Butte and Bogdan Pasaniuk, Ph.D., professor of computational medicine, human genetics, pathology, and laboratory medicine at the UCLA David Geffen School of Medicine, are part of the team that developed a machine learning tool called PheNet, borrowing from the term “phenotype.” led. ”, an observable characteristic or characteristic of a disease in an individual. PheNet learns the phenotypic patterns from her verified CVID cases and uses this knowledge to rank patients by their likelihood of having CVID.

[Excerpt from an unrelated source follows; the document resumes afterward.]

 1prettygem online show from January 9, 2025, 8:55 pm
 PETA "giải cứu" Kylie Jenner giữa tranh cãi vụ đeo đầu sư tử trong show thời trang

Because CVID does not have a single clinical symptom, identifying the EHR “signature” of this disease is a complex task. To get around this, researchers created a computational algorithm that can infer EHR characteristics from the health records of known CVID patients and disease patterns described in the medical literature. The system calculates a numerical score for each patient and prioritizes those with the highest likelihood of CVID. These high-scoring patients are what the researchers describe as “hidden in the health care system” and are recommended for referral to an immunology specialist. When the UCLA team applied his PheNet to his extensive UCLA electronic medical records database and conducted a blinded review of the top 100 patients identified by the system, they found that 74% of these patients It turned out that he was likely suffering from CVID.
“We have shown that artificial intelligence algorithms such as PheNet can provide clinical benefit by speeding the diagnosis of CVID, and we hope this will be applied to other rare diseases as well. ,” Pasaniuk said. “Implementation at all five UC medical centers is already having an impact. We are now expanding to other diseases while improving the accuracy of our approach to better identify CVID.” We also plan to teach the system to read medical notes to gather more information about patients and their illnesses.”